With recreational anglers taking the brunt of decades of fisheries mismanagement by the incompetent bureaucrats at the NC Division of Marine Fisheries, NC Division of Environmental Quality, and politicians in our legislature, especially in the executive branch and due to perceptions of declining fish stocks and a short-term need for more drastic conservation measures to ensure future success of certain fish stocks, recreational fishermen in coastal North Carolina are facing the most conservative harvest limits ever. The days of going out everyday and filling up big coolers full of inshore saltwater fish have come and gone. The obvious way to increase our recreational harvest limits is better management, leading to a greater abundance of fish that reach a sustainable harvest size; however, that is not so simple in North Carolina.
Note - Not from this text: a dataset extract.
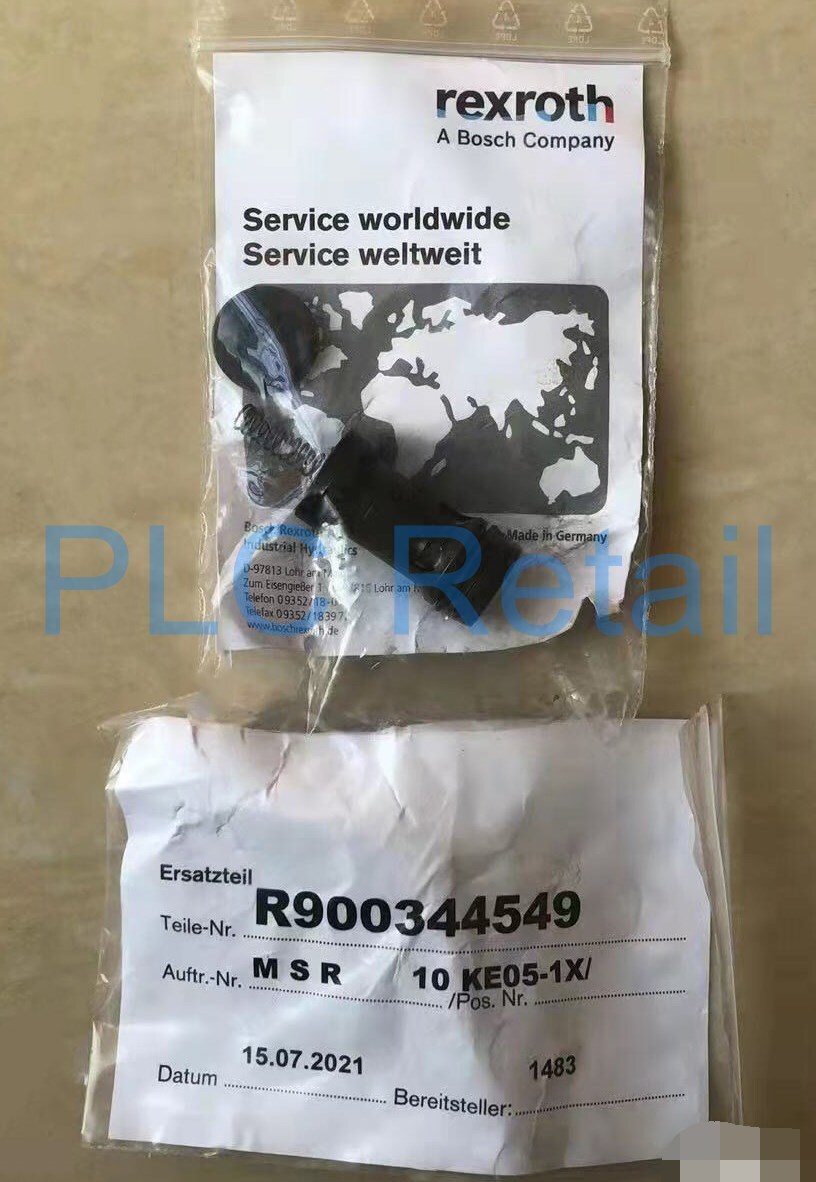5PCS NEW Rexroth One-way valve R900344549 MSR 10KE05-1X Fast delivery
While many folks are currently hard at work behind the scenes to force our politicians to explore better management solutions, we also need to explore how important it really is to keep fish and ask ourselves is that the reason we really go fishing in the first place.
To me, there are three types of anglers: The first type is one who fishes purely for the sport and his desire to fish is completely independent of his ability to keep fish for food. Many younger anglers and fly fishermen share this perspective. The second type is one who fishes mostly for the sport and the ability to keep fish is an additional motivational factor for going fishing or the ability to keep fish directs him towards certain fisheries where he can keep fish and away from other fisheries that are just catch and release (An example would be currently someone who chooses to speckled trout fish on the Pamlico and harvest 4 fish/person/day limit vs. going fishing on the lower Roanoke for striped bass where the keeper season in closed until Mar. 1. Another example would be someone going striper fishing on the lower Roanoke and fishing outside of the mouth of the river in the Albemarle Sound Management Area where they can currently keep 2 stripers/person/day over 18 inches vs. fishing in the river where they can’t keep any fish). The third type of angler is the one who will not fish unless he can keep fish, so his reason for fishing is solely for harvesting the fish. Most of these guys are older and did a lot of fishing when you could keep enormous quantities of fish, so the luster of fishing has worn off with more restrictive harvest limits.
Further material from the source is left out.